Thursday, April 28, 2011

Some thoughts on the polling in BC in this election

I am a political junkie and even worse a poll junkie.  It is truly like a drug and polls being the crack of political junkies.   I try not to pay attention to the polls, but I can not help myself.    Anyway, I am back with some thoughts on the polls in BC.

I talked with Frank Graves of Ekos on Twitter and pointed out their sample sizes from BC were small and often smaller than those from Alberta even BC has many more people.  I pointed out that BC has a lot of seats in play and Alberta has maybe two in play.   He took my point and they have increased their sampling in BC.

The latest Ekos poll has a sample size of 322 in BC.  This is means a margin of error of +-5.5%

  • Conservatives 35.7%
  • NDP 28.6%
  • Liberals 19.5%
  • Greens 13.4%
The NDP and Greens are both up, the Liberals are about even and the Conservatives are down a fair bit. Broadly these numbers were the same in the recent Forum poll, but I do not know the exact size of their BC sample.  

Meanwhile Angus Reid has some rather different results.   A week ago they did the poll with the biggest sample of anyone in BC in this election.   The results were broadly similar in their very small sample from their national poll this week.
  • Conservatives 42%
  • NDP 32%
  • Liberal 18%
  • Green 6.0%

The biggest difference between the two polling trends are with the Conservatives and the Greens.

Nanos is in a third trend, they have very, very small BC samples and they move wildly from day to day, but broadly the Conservatives are over 40% with the Liberals and NDP close to tied at  near 25%, the Greens are very low in BC according to them.

When I take account of some of the new questions that Ekos is asking about depth of support, the shift in the numbers gives me something like this:

  • Conservatives 41%
  • NDP 30%
  • Liberals 19%
  • Greens 9%

Keep in mind this is a very rough parsing of the numbers that has no real statistical legitimacy, it is simply an attempt to quantify how the depth of support data may impact party support levels.

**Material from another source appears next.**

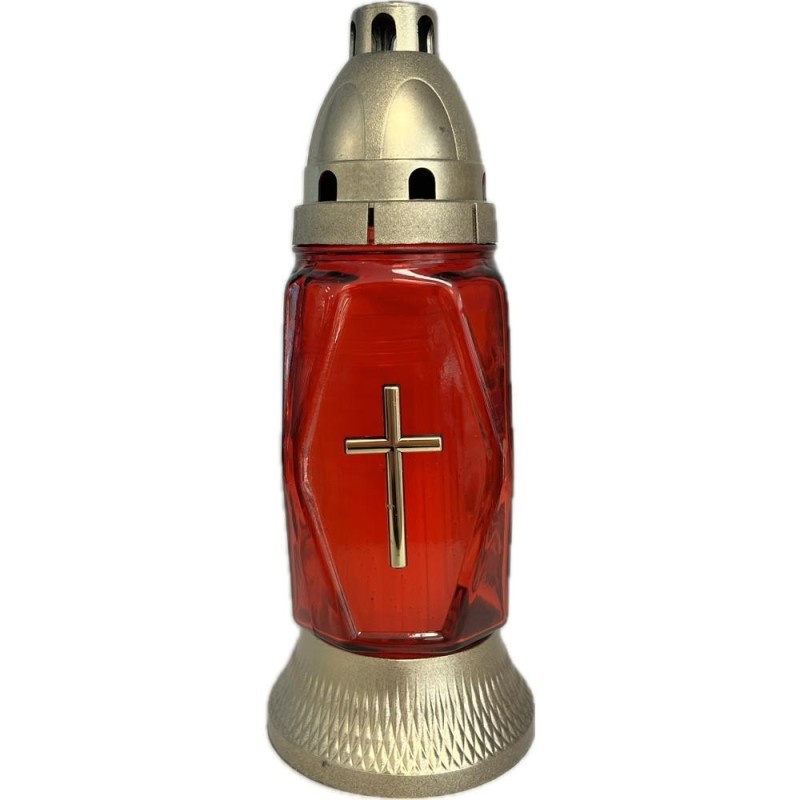 Set 3 x Candela din Sticla, Rosie cu Cruce Aurie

Looking over the history of federal elections in BC, any party that has managed to win more than 40% of the vote has won the majority of the seats.  Several times, 2004, 1993, and 1988, the majority of seats were won by a party with around 37% of the vote.  In 2004, with 36.3% of the vote, the Conservatives won as many seats as in 2008 when they had 44.4% of the vote.  

In the last 13 elections only twice, 2006 and 1972, did no party win a majority of the seats in BC.

So what the polling and electoral history is saying to me is that the current prediction I have for BC, Conservatives 22, NDP 12 and Liberals 2, is broadly correct.